Solving that quadratic (a bunch of the terms there disappear when you use the fact that a is a root of the original quadratic) for [imath]\Delta a[/imath] gives my insane approximation from before.

And, yes, folks, there are lots of other simpler/rational numbers which approximate the Dottie number better. If you'd like to post your derivation for them, please go ahead.

### Re: x - cos(x) = 0

Posted: **Tue Feb 03, 2009 4:44 pm UTC**

by **t0rajir0u**

Why? With enough digits it's trivial to compute the continued fraction representation of the Dottie number up to some desired accuracy and get good rational approximations. It's not a very useful exercise on a number that isn't known to have any nice algebraic properties.

### Re: x - cos(x) = 0

Posted: **Tue Feb 03, 2009 4:55 pm UTC**

by **bray**

t0rajir0u wrote:Why? With enough digits it's trivial to compute the continued fraction representation of the Dottie number up to some desired accuracy and get good rational approximations. It's not a very useful exercise on a number that isn't known to have any nice algebraic properties.

Because it's there. And, yet again, the point was to get something by hand ab initio. Obviously if you start with a decimal approximation you can do better and, seriously, it's more useful of an exercise to take one rational approximation (the decimal one) and come up with another one? (Using a generic algorithm that has nothing to do with the problem at hand, one might add.) Come on.

### Re: x - cos(x) = 0

Posted: **Tue Feb 03, 2009 7:47 pm UTC**

by **Cosmologicon**

I got [imath](\sqrt{\pi+3}-1)/2[/imath] completely by hand in about 10 lines - no computers used at all. It's good to within 0.004% (though I used a calculator to find that fact). Beat that!

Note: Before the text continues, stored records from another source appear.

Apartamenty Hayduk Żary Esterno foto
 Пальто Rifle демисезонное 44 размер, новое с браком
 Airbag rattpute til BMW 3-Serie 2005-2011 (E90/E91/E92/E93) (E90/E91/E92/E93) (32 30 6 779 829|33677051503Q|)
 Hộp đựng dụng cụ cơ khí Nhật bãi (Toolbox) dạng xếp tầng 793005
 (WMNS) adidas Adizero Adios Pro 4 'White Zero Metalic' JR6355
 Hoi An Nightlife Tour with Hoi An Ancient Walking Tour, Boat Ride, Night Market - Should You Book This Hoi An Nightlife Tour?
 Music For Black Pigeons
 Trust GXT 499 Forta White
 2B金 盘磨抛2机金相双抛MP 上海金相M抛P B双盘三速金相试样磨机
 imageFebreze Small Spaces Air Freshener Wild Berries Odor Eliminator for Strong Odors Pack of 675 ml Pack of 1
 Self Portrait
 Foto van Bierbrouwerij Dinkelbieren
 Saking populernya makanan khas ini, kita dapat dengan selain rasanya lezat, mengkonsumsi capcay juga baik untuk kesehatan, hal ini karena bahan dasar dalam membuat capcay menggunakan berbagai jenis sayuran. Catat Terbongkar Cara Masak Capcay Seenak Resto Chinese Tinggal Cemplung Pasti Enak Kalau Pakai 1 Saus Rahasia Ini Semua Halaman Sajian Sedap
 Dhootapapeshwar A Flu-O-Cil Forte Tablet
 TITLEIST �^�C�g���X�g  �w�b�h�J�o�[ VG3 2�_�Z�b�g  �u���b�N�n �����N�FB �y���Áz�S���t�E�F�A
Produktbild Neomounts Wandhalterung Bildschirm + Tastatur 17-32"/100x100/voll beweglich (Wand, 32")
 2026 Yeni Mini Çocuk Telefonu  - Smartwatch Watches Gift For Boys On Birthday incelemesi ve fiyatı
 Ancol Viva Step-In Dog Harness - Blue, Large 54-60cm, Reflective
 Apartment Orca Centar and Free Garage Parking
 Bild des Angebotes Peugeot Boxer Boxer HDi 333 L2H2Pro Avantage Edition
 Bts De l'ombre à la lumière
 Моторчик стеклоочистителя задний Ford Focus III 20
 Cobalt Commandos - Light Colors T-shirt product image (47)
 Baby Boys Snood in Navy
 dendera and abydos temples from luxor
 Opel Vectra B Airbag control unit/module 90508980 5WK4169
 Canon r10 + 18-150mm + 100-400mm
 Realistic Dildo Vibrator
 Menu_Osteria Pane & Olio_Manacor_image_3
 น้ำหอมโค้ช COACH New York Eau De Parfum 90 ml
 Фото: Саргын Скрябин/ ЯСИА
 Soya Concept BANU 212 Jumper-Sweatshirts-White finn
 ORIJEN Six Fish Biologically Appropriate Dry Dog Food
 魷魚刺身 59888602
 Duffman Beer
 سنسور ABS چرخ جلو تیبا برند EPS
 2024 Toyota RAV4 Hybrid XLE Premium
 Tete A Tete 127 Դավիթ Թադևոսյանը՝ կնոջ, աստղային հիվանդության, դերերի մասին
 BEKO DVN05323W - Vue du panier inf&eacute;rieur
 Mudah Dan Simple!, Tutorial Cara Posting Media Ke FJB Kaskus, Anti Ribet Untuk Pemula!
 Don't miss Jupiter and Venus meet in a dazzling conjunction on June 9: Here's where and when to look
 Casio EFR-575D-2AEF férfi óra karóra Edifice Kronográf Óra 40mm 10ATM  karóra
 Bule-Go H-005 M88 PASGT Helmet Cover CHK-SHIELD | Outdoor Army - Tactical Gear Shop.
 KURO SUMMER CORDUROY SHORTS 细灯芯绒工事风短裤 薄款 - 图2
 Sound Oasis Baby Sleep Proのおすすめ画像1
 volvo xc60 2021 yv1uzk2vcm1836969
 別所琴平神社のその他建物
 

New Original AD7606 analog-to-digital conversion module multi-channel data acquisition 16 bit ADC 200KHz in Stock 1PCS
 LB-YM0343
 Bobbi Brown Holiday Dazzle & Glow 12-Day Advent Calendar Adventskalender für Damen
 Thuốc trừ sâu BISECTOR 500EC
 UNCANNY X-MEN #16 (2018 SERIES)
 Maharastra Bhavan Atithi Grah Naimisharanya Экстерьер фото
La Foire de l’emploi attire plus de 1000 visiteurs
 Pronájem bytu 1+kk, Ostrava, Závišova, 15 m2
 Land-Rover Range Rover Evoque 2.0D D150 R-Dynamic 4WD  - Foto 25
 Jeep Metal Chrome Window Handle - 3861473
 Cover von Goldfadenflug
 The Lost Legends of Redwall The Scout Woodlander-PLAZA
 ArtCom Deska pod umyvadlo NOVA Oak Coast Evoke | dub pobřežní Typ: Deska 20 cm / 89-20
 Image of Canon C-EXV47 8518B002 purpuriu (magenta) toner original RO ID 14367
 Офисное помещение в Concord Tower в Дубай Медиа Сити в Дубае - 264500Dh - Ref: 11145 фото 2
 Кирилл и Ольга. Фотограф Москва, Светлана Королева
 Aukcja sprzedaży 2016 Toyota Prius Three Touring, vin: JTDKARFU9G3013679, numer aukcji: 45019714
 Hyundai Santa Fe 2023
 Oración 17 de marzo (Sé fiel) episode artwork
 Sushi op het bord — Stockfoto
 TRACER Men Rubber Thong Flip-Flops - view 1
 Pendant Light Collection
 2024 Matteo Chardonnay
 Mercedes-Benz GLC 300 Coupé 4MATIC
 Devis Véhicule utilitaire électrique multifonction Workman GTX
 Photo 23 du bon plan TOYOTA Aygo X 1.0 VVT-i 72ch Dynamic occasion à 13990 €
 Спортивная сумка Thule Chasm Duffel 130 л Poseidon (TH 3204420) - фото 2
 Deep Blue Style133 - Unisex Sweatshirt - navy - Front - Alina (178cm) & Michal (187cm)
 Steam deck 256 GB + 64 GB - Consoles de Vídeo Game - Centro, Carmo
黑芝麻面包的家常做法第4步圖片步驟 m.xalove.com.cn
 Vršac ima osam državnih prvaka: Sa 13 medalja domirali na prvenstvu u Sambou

EDIT: Okay here's the derivation.

### Re: x - cos(x) = 0

Posted: **Tue Feb 03, 2009 8:17 pm UTC**

by **Ended**

[math]\pi / 4 - (1 + \sqrt{2}) + \sqrt{5 + 2\sqrt{2} - \pi / \sqrt{2}}[/math]

Good to within 0.001%! Although yours is much tidier, Cosmologicon.

edit: the

Mathworld page gives the approximation [imath]{(\pi/160)}^{1/13}[/imath], good to 0.00003%. Nice.

### Re: x - cos(x) = 0

Posted: **Thu Feb 05, 2009 1:16 am UTC**

by **cspirou**

t0rajir0u wrote:The fact that it's iterative says nothing about whether it has any attractors. There are plenty of examples of iterative mappings with no attractors (in [imath]\mathbb{R}[/imath]), for example [imath]f(x) = x^2 + 1[/imath].

First of all it only intersects at one point and that point is an attractor. Second of all the iterations is literally what is happening when you keep putting it in cosine over and over. That's why I brought it up.